◆ **EXERCISE DESCRIPTION**
All the lines below need to be output exactly, apart from any images.

◆ **DATA EXTRACT**
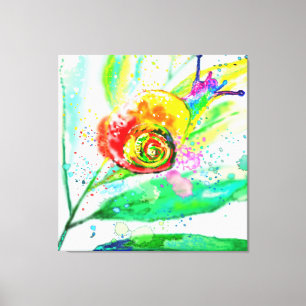 Rainbow Snail Canvas Print - Malerei Leinwanddruck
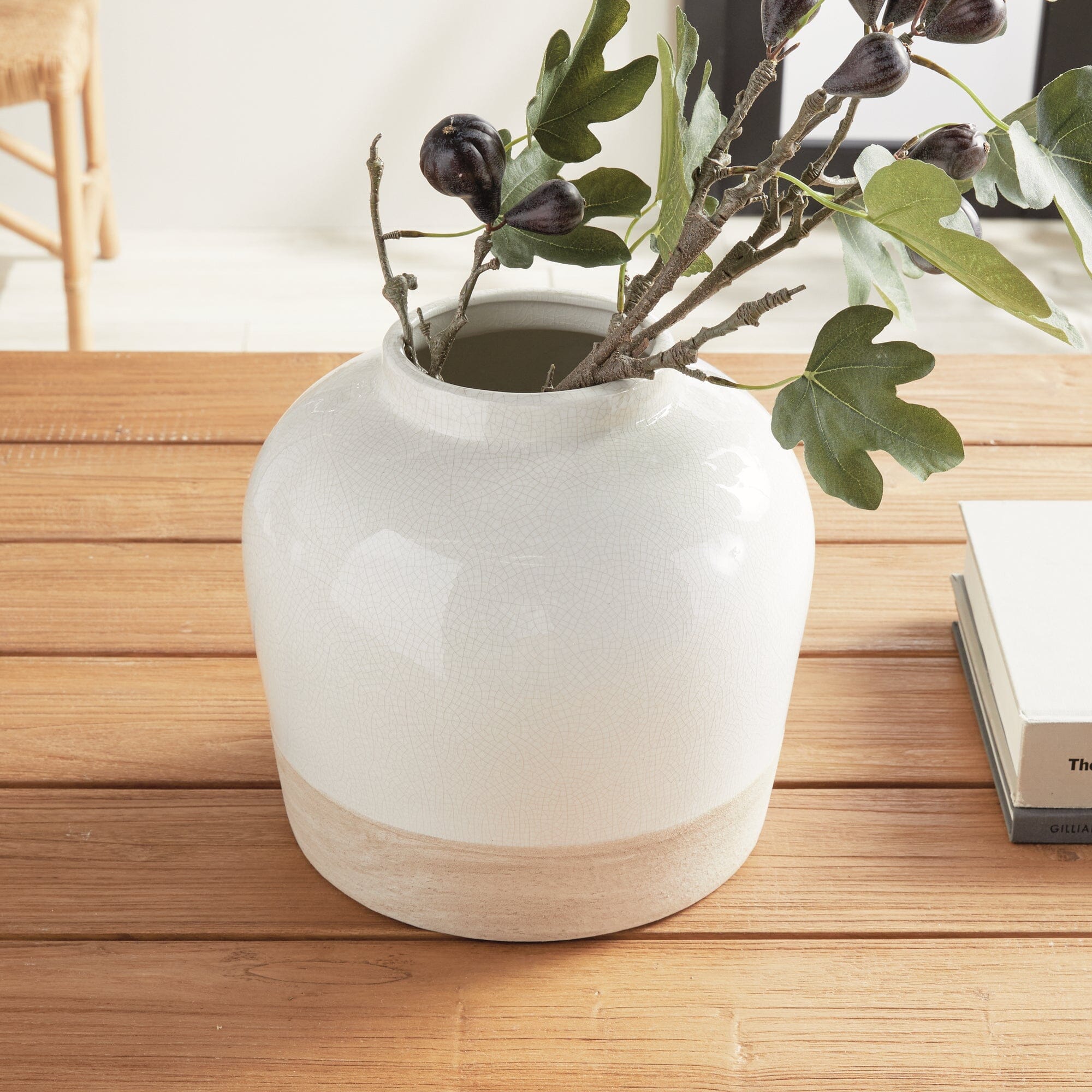 Leona Wide Vase Vases, Planters & Jars 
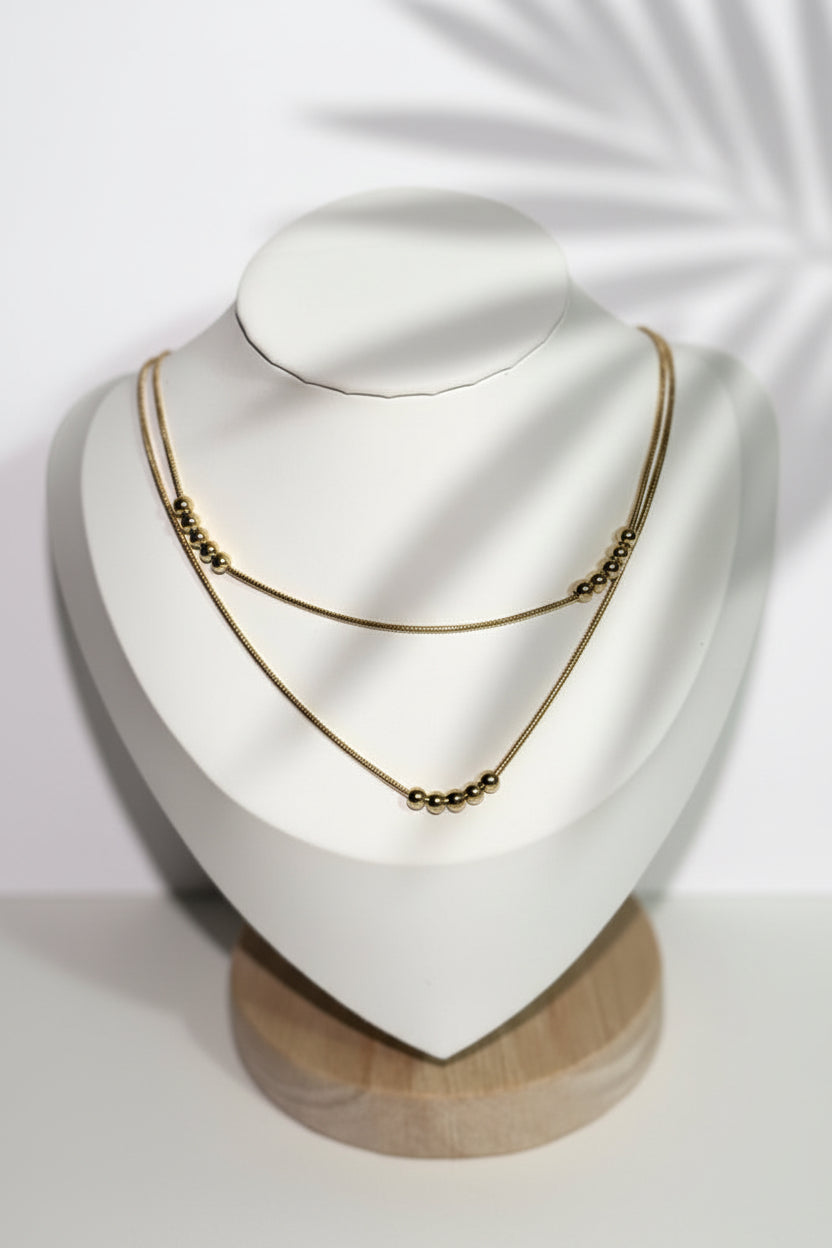 Double Chain Necklace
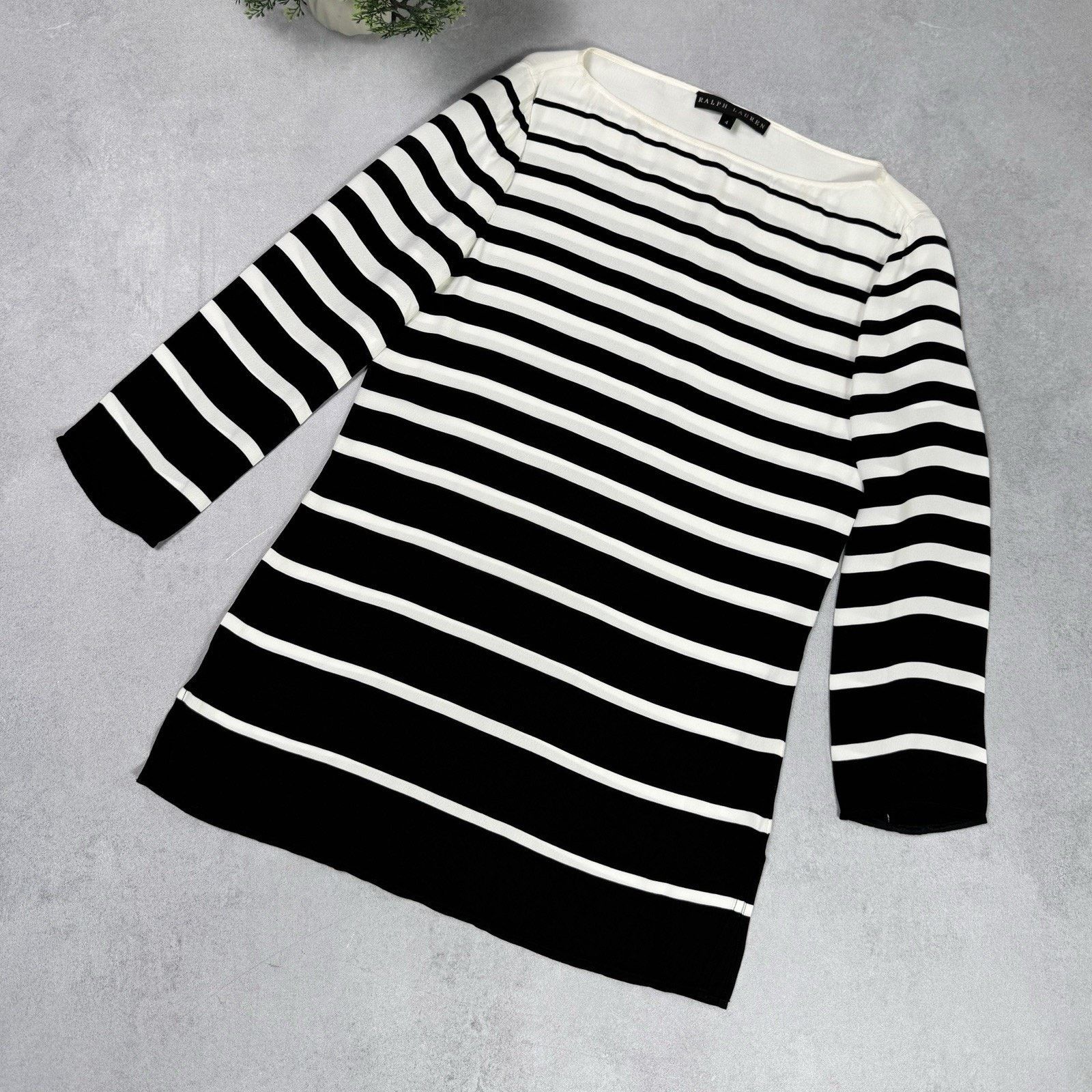 Ralph Lauren Ralph Lauren Black Label Linette Stripe Tunic Size 4 Viscose Size S / US 4 / IT 40 - 1 Thumbnail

◆ **FINAL ANSWER**
 Rainbow Snail Canvas Print - Malerei Leinwanddruck
 Leona Wide Vase Vases, Planters & Jars 
 Double Chain Necklace
 Ralph Lauren Ralph Lauren Black Label Linette Stripe Tunic Size 4 Viscose Size S / US 4 / IT 40 - 1 Thumbnail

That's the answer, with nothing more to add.